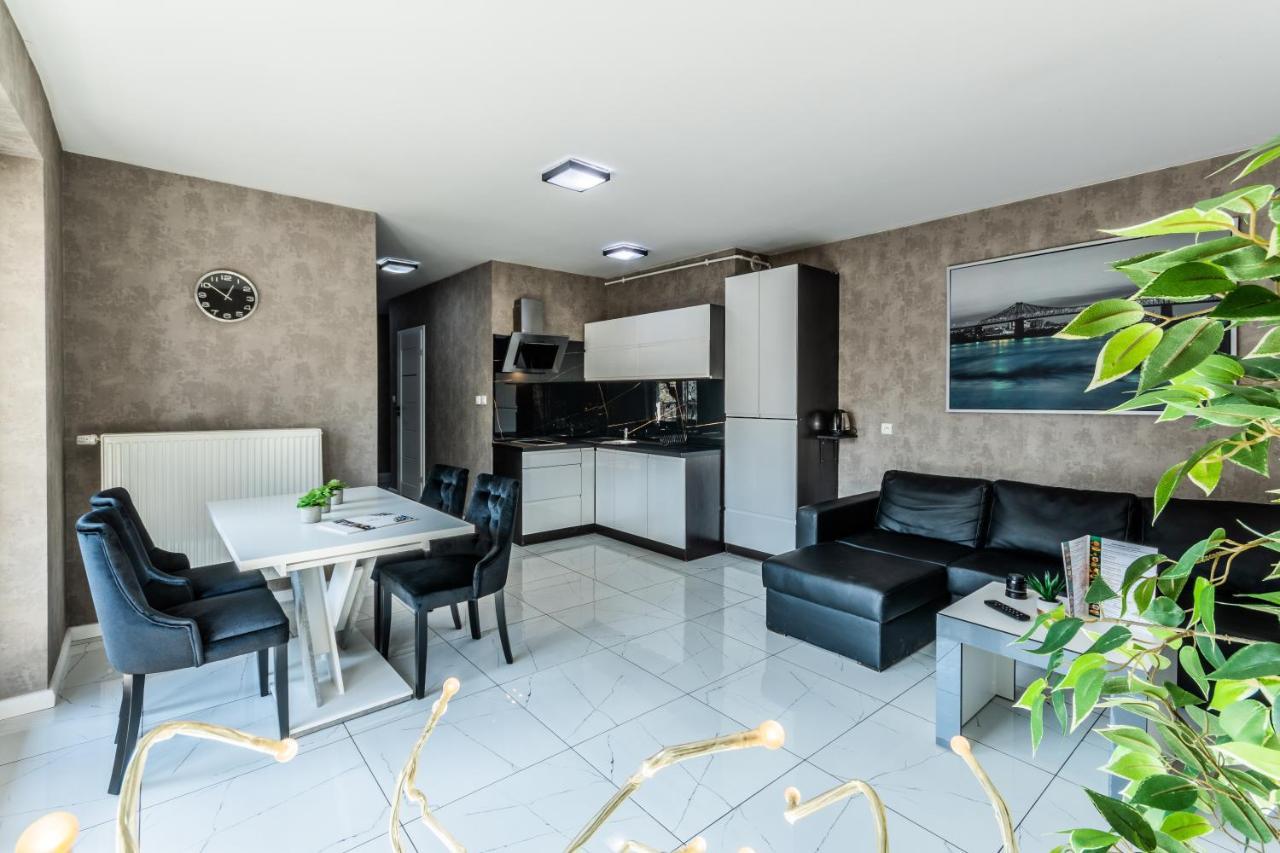 Apartamenty Katowice By Lantier - Wellness & Spa Bytom Eksteriør billede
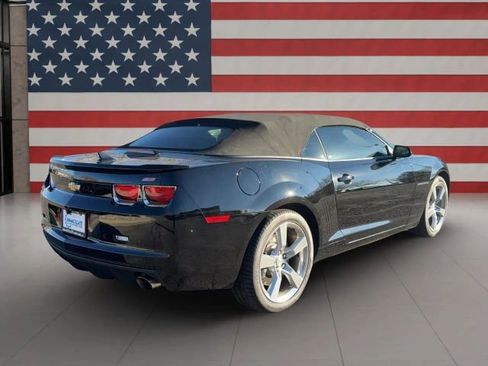 Used 2011 Chevrolet Camaro SS w/ RS Package image 5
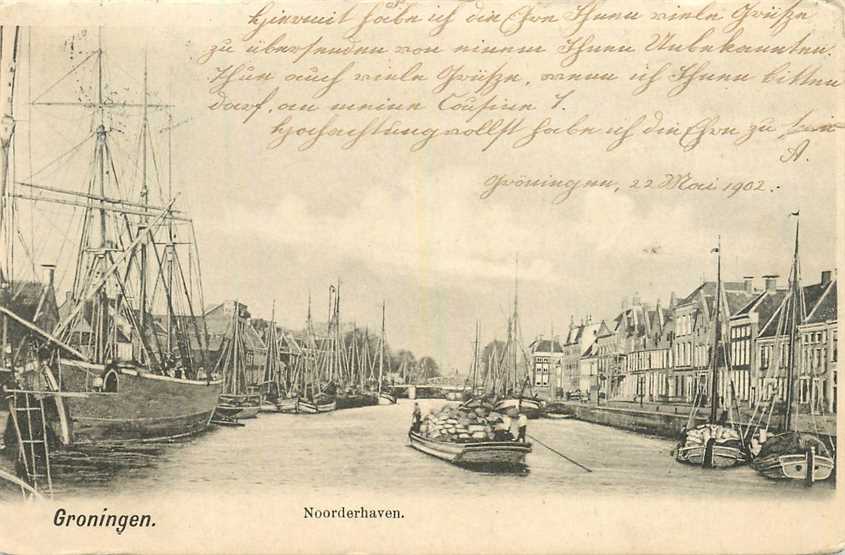 Groningen Noorderhaven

Exercise instructions = When you restate the listing above, give each line word for word but leave out every image.

Answer section =
 Apartamenty Katowice By Lantier - Wellness & Spa Bytom Eksteriør billede
 Used 2011 Chevrolet Camaro SS w/ RS Package image 5
 Groningen Noorderhaven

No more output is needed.